Pyramid level customization

mooratov commented 4 years ago

TLDR, This feature accomplishes the following:

allows user to pass custom list of pyramid levels via config file
these pyramid levels are then parsed in all appropriate places.
allows use of pyramid layer 2 (P2) for resnet backbone
one minor unrelated bug fix in debug.py ( made--show-annotations a separate flag from --annotations, which is already in use)

This PR would allow a user to use a custom set of pyramid levels, controlled by the config.ini file in a manner similar to how anchor_parameters are controlled now.

Our team has found that using a P2 pyramid layer enables us to utilize ultra-fine (e.g. 3 pixel by 3 pixel) bounding boxes that are otherwise out of reach with current configurable parameters. Some of the code used here was contributed by my team member Brad Nelson (https://github.com/bnelsj) in our private fork.

I tried to stick to stylistic conventions wherever I could, and it looked like utils/anchors.py already had a framework for configuring the pyramid_levels list.
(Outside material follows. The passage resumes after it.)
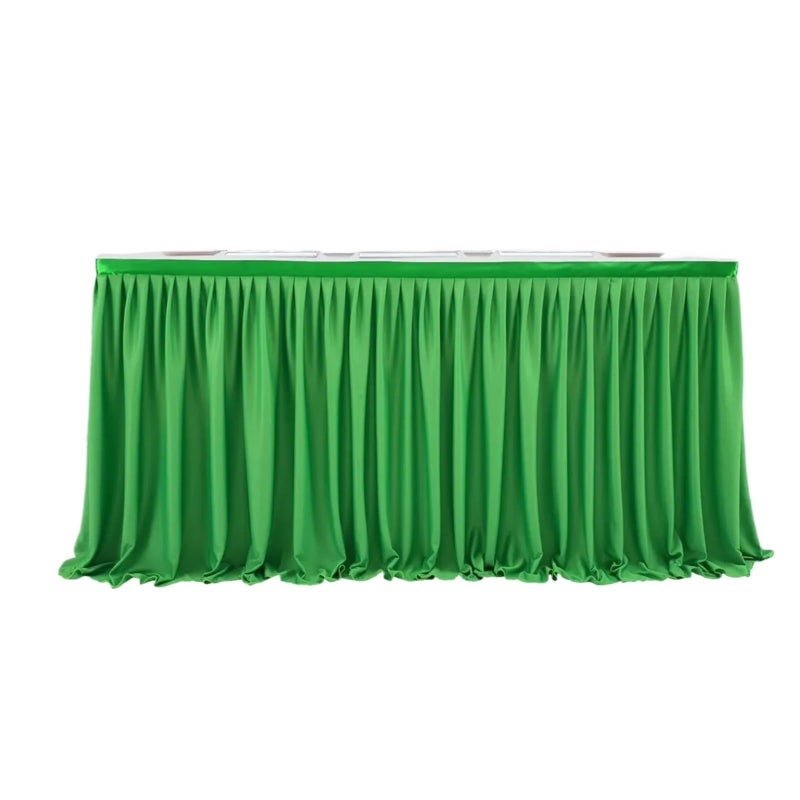 Polyester Table Skirt For Rectangle Tables 14ft Green Party Wedding Birthday Decor 78x427cm - Image 2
I simply implemented this more fully in the bin scripts. Unfortunately, there was a fair amount of re-writing the retinanet.py definition and making it somewhat uglier.

In order to make P2 work, I had to modify resnet.py so that it would return 4 output layers to use as backbone, while no other backbone type currently returns 4 output layers. Therefore, pyramid level 2 (P2) only works with resnet backbones as written. I tried to explain these changes with informative errors and comments.

The primary use of this feature would be to add P2, although a user can also exclude P7 and P6 if they desired. I did not allow users to exclude C3, C4, and C5.

Note that the length of pyramid_levels must be the same as the list of sizes and strides in anchor_parameters, although this is not explicitly enforced.

mooratov commented 4 years ago

Thank you so much for the detailed feedback! I believe I've made all the stylistic changes you requested.

To answer your question, yes it would be fantastic if all backbone models returned dicts with "C" keys and layers as values, and FPN function would return dict with "P" keys! I was thinking of doing something like this, but figured it would be an even bigger overhaul and would require me to touch ALL of the models, many of which I haven't even tested out before.

Are you asking me to make these changes as well prior to merge?

hgaiser commented 4 years ago

Are you asking me to make these changes as well prior to merge?

Yeah if you don't mind, I think it would be a good change.

mooratov commented 4 years ago

OK I updated all backbone models, retinanet FPN function, and retinanet initialization all working with dicts. I noticed that it was relatively easy to get densenet to work with P2 layers as well, so i enabled this capability.

The other backbones only return C3, C4, and C5, as previously designed. Note that of the remaining models, I was only able to successfully run vggnet (keras 2.3.1, tf 1.14) but i don't believe this is due to any changes that I've made.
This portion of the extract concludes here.